Fast forward almost 50 years, and the Brooklyn Institute set out to construct an elaborate facility to house its burgeoning collection. It would change its name to the Brooklyn Museum and commission the architectural firm of McKim, Mead, and White to design its grand new home right alongside Brooklyn Botanic Garden (which was being designed at roughly the same time). So began a lengthy construction process, with work on the entire project not being completed until the late 1920s. In the intervening years significant changes would continue to be made to the Brooklyn Museum, with it eventually being added to the National Register of Historic Places in 1977.
What’s at the Brooklyn Museum
Brooklyn Museum’s collection is a strong mixture of permanent holdings and temporary exhibits. The temporary exhibitions are, by nature, always changing, but you can expect to encounter anywhere from three to six rotating galleries, regardless of when you visit. For example, recent exciting (temporary) exhibitions have featured everything from Andy Warhol to Christian Dior to indigenous American artworks that probe the issue of climate change.
Brooklyn Museum’s permanent collection is impressive, too. Numbered amongst its galleries you’ll experience notable exhibits devoted to Ancient Egyptian art, Assyrian art, American art, the Decorative arts, and Judy Chicago’s famed feminist masterwork, The Dinner Party. Rest assured, this quick rundown just scratches the service of what you can see here.
There are multiple food options found on-site at Brooklyn Museum. The Brooklyn Museum Café is your go-to for something simple and fast. The Café’s casual menu focuses on classics like fresh salads, sandwiches, and snacks. If you’re in the mood for something a bit more formal, check out The Norm. This sit-down restaurant’s menu is full of elegant takes on favorites like burgers, smoked salmon, and grilled chicken kale salads. When the weather allows, Brooklyn Museum also hosts a food truck servicing its lovely outdoor sculpture garden.

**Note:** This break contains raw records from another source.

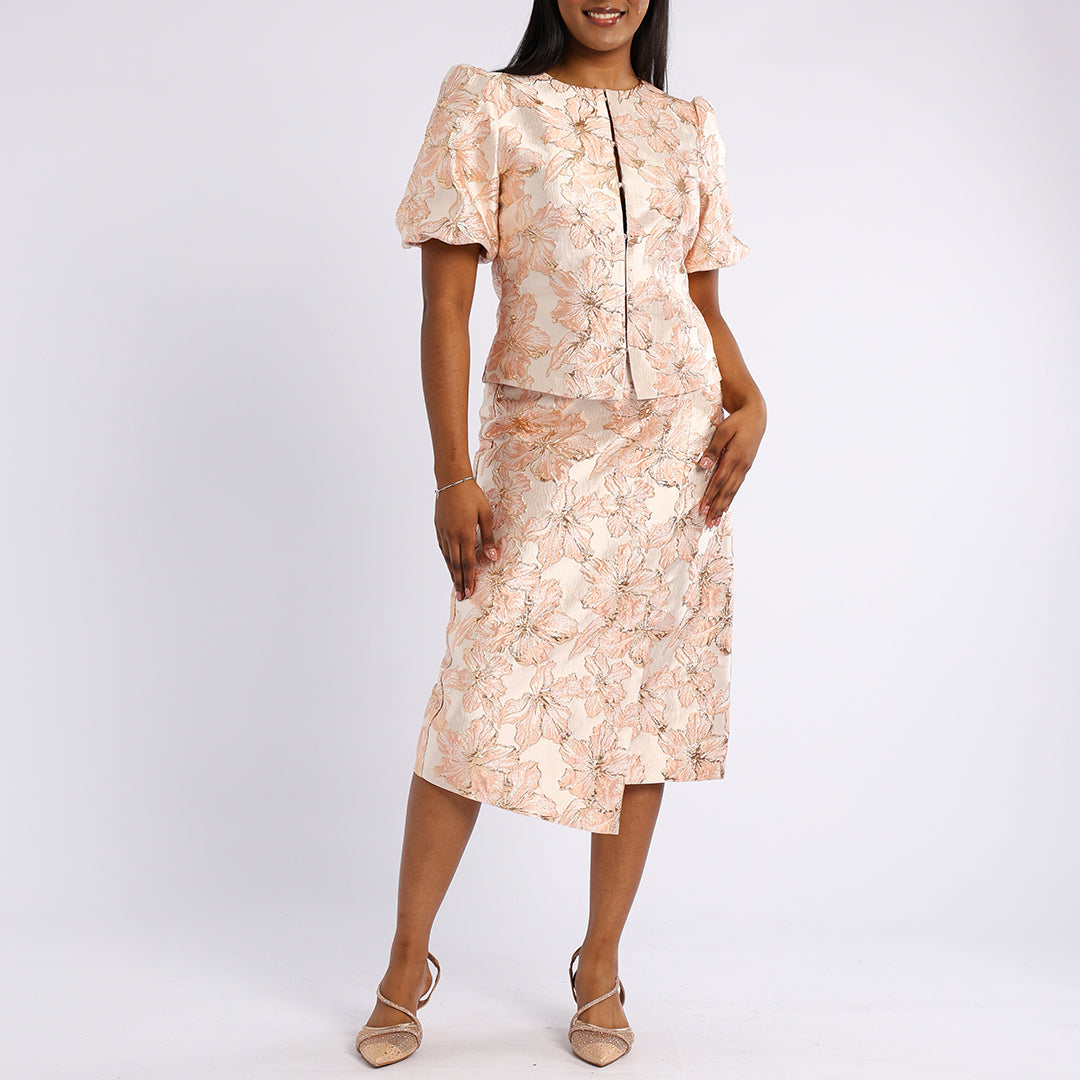 Puff Sleeve Jacket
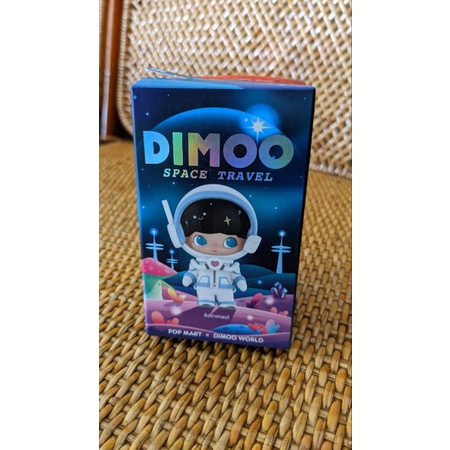 【POPMART_收藏公仔系列×DIMOO SPACE TRAVEL （款式Rocket Boy） | 蝦皮購物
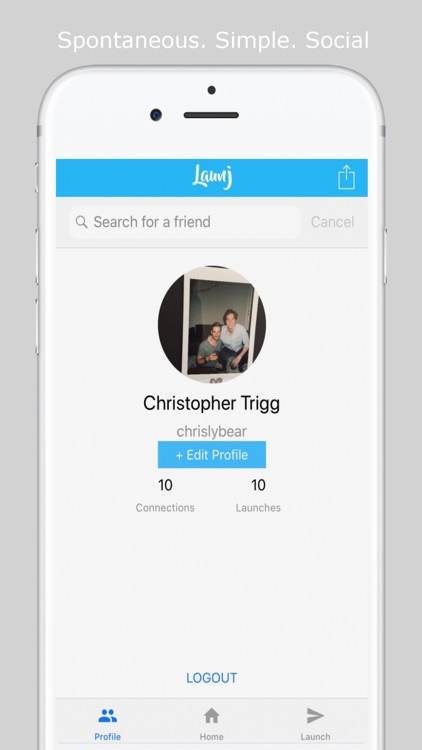 Launj - Meet Friends Easily screenshot-4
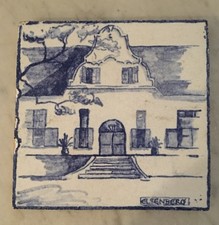 Elsenberg antique tile for sale  DOWNHAM MARKET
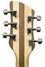 Rickenbacker 360/6 , Natural Walnut: Headstock - Rear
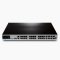 DGS-3620-28PC-SI xStack 24-Port Layer 3 PoE+ Switch with 4 Combo SFP Ports, 4 10Gigabit SFP+, Sta...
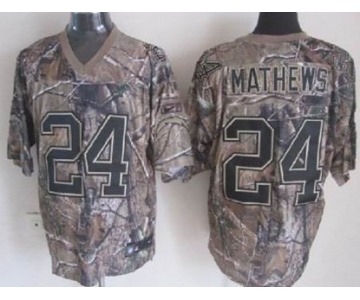 Nike San Diego Chargers #24 Ryan Mathews Realtree Camo Elite Jersey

For those visitors wanting to take a piece of the museum home with them, you’ll find an eclectic shop on the premises, too. There you’ll have your pick of clothing, home goods, books, souvenirs, and a wide range of artworks pertaining to current exhibits and more.
Tips for Visiting the Brooklyn Museum
- Entry to the Brooklyn Museum are included on several money saving tourist passes including the New York Pass and NY Explorer Pass.
- You’ll need to think about what exactly you want to see at the Brooklyn Museum before you visit, as there are two types of tickets available here. General Admission tickets are cheaper and will get you into the permanent galleries and some temporary exhibits. However, other temporary exhibits found here require “special tickets” that will run you significantly more.
- Brooklyn Museum offers a variety of guided tours to guests in groups of all sizes. If this is the sort of thing that might interest you, just be sure to inquire about it in advance of your visit.
- Don’t forget to see the replica Statue of Liberty while you’re here! Found just outside the museum, it makes for a fabulous photo op.
- Brooklyn Museum regularly runs special events like, say, staff art historians discussing current exhibits. Check out the museum’s calendar of events online if you think you might be interested in catching one of these experiences while you’re visiting.
- Given its prominent location, for those so inclined Brooklyn Museum can be seamlessly combined with several other major attractions. Nearby highlights would include the Brooklyn Botanic Garden, Prospect Park Zoo, and the Brooklyn Children’s Museum.